Chicago, April 22, 1861

 

L. Spooner Esq.

 

My Dear Sir,

 

     Yours of the 14th just [?] is received. I received the two copies of your pamphlet, and have read it not however with so much care as I intend.

     However it might be understand ordinary circumstances, I doubt whether anything can be done in regard to introducing your system at the present time. Scarcely any thing else is talked of or thought of, during this dreadful war excitement, than the passing events of each day. Business is entirely suspended, and will remain so, I fear, for a long time, and nothing can be done outside of recruiting preparation for the “pomps + circumstances of glorious war.” When is this horrid state of things going to end? You could not possibly have published your system at a more unfavorable juncture. Whatever aid I can contribute in making it known introducing it to the public, I will give cheerfully.

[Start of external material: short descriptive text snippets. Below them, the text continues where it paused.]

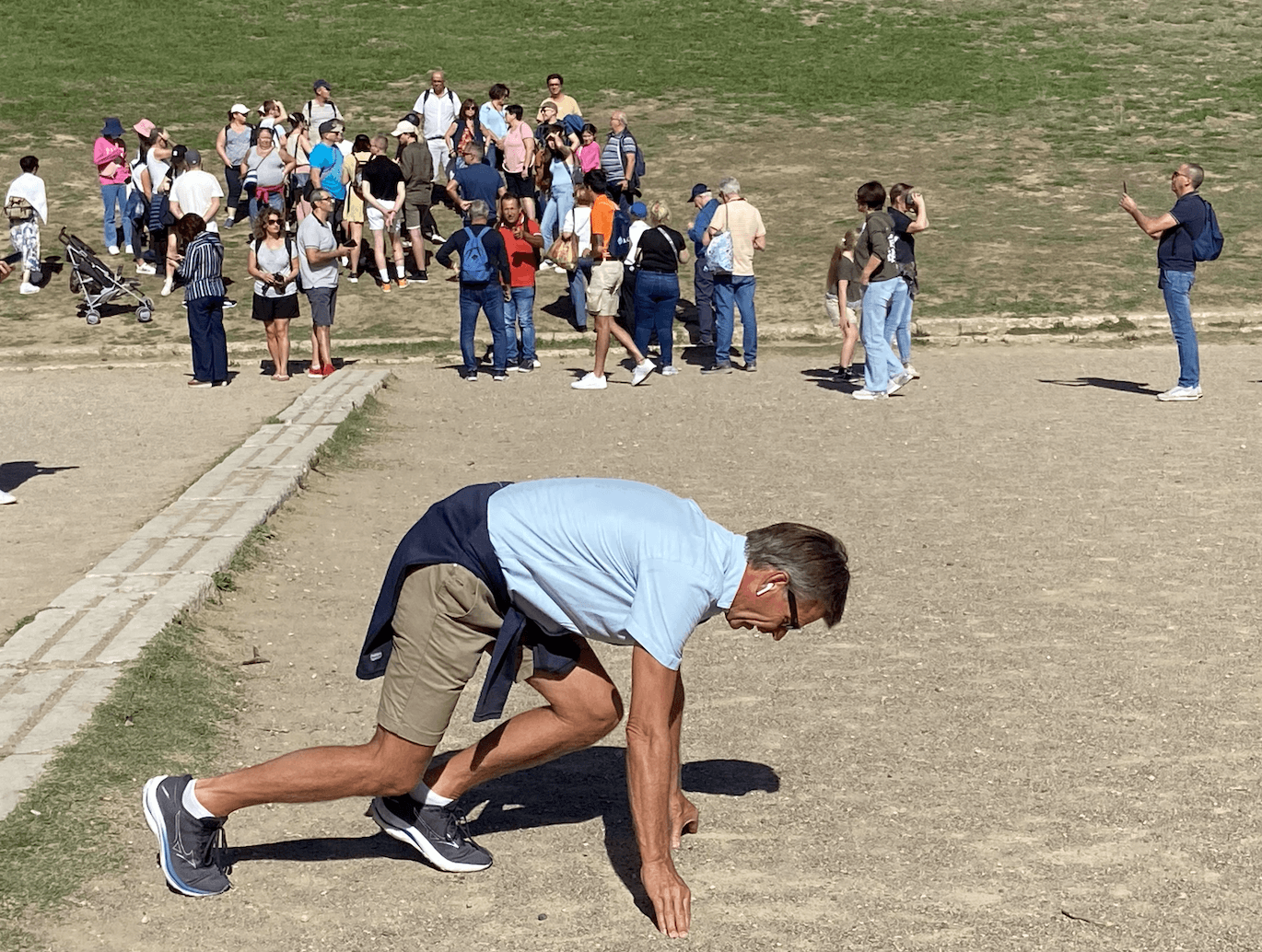 Jesper Vildbrad har ingen planer om at sætte sig i et hjørne. Her er han klar til en 100 meter på Olympia i sommer.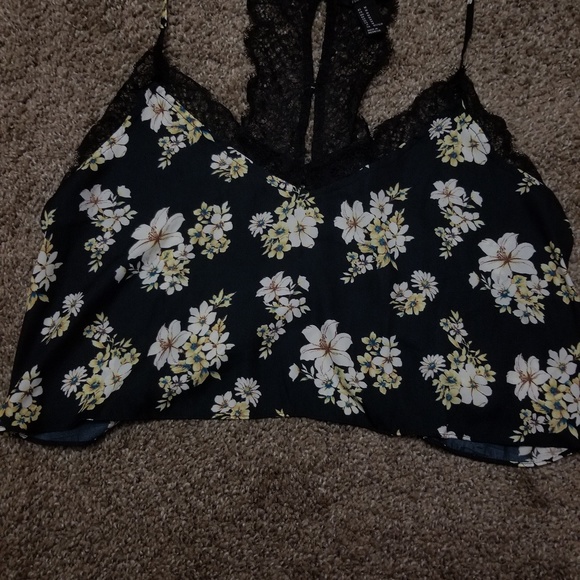 Floral lacey tank - Picture 2 of 3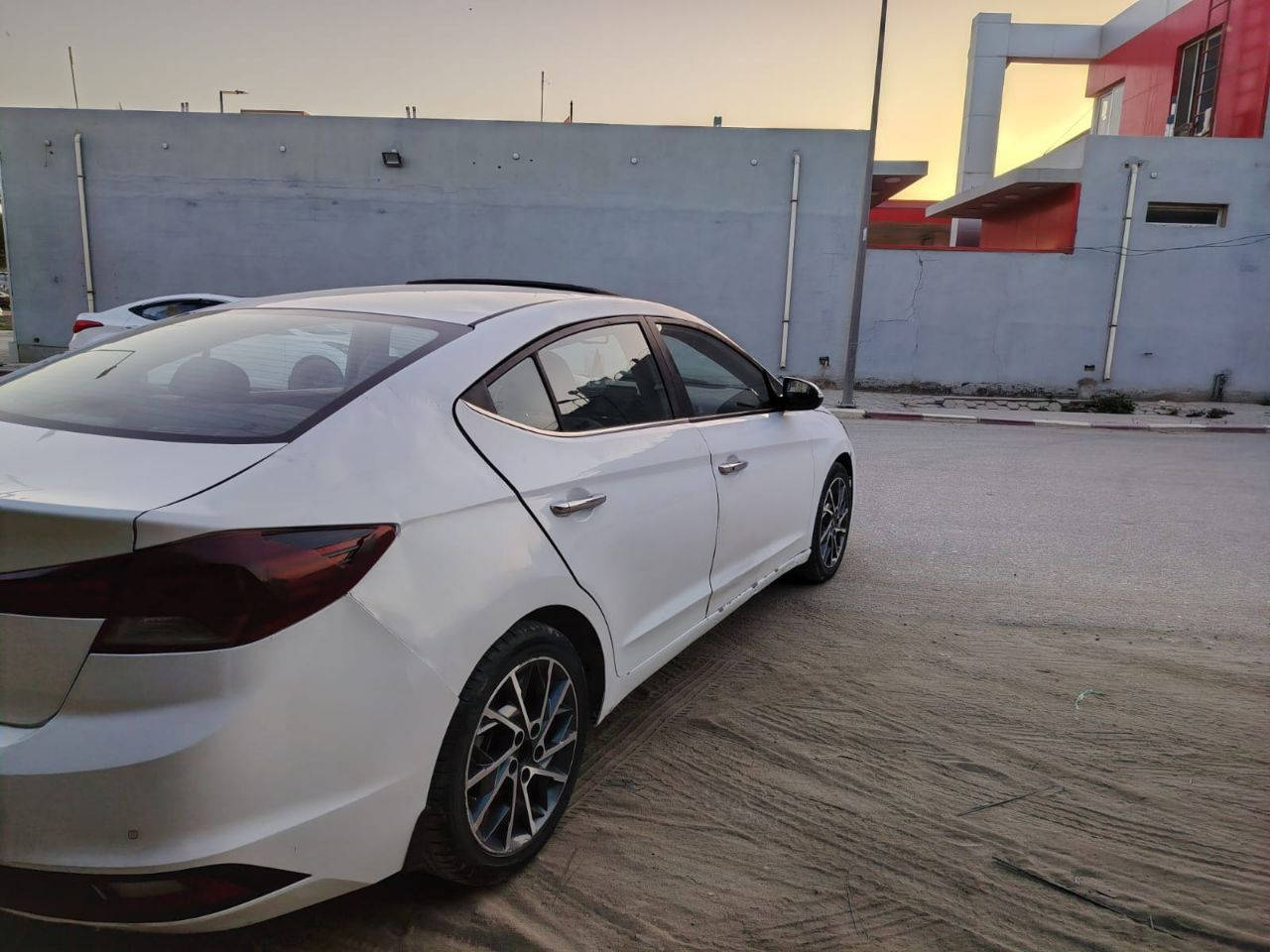 للبيع فقط النترا موديل 2020رقم أربيل وكاله تحويل كله مضمون فول مواصفات فتحه بصمه اشاير مري كشنات جلد تبريد خلفي امامي مكينه 200 تيربو بيها ضربه بجم بيها مكانات صبغ السعر 100 وبيها مجال مكاني بالنجف رقم التلفون ***********
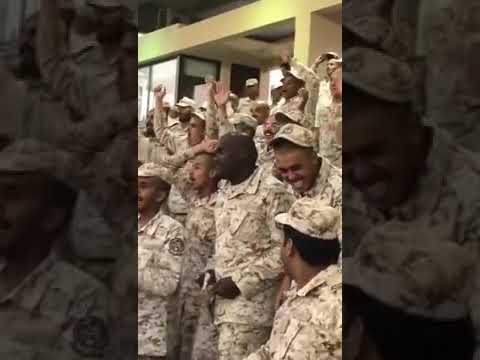 يبي يقهر النقيب عشان اخذ اجازه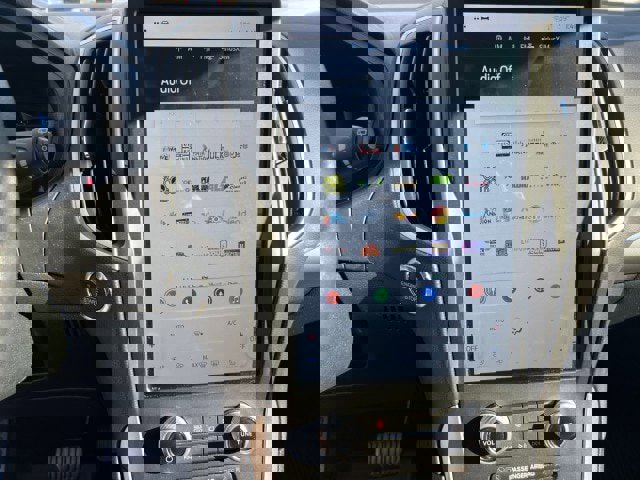 Certified 2022 Ford Edge SEL w/ Convenience Package image 15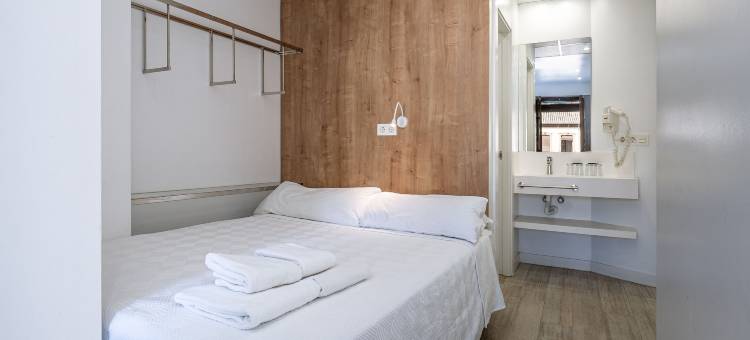 AMC格拉纳达(AMC Granada)图片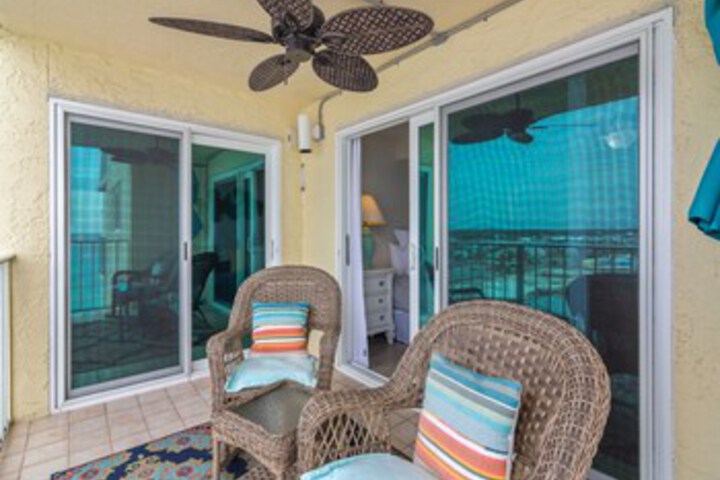 Terrace/Patio 5 of 130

Mr. Haite as well as some others have read your work and they pronounce it decidedly ingenious and plausible + able, but are at a loss to determine how it will succeed in practice.

     If you send on the copies you mention, I will do what I can in introducing them. But, as I said before, the war fever rages so extensively that every thing else is absorbed by it. Even our counts have adjourned their sittings—so that literally inter arma leges silent.    

     Mrs. Brackett desires me [?] to send in my letter the expression of her best regards for you.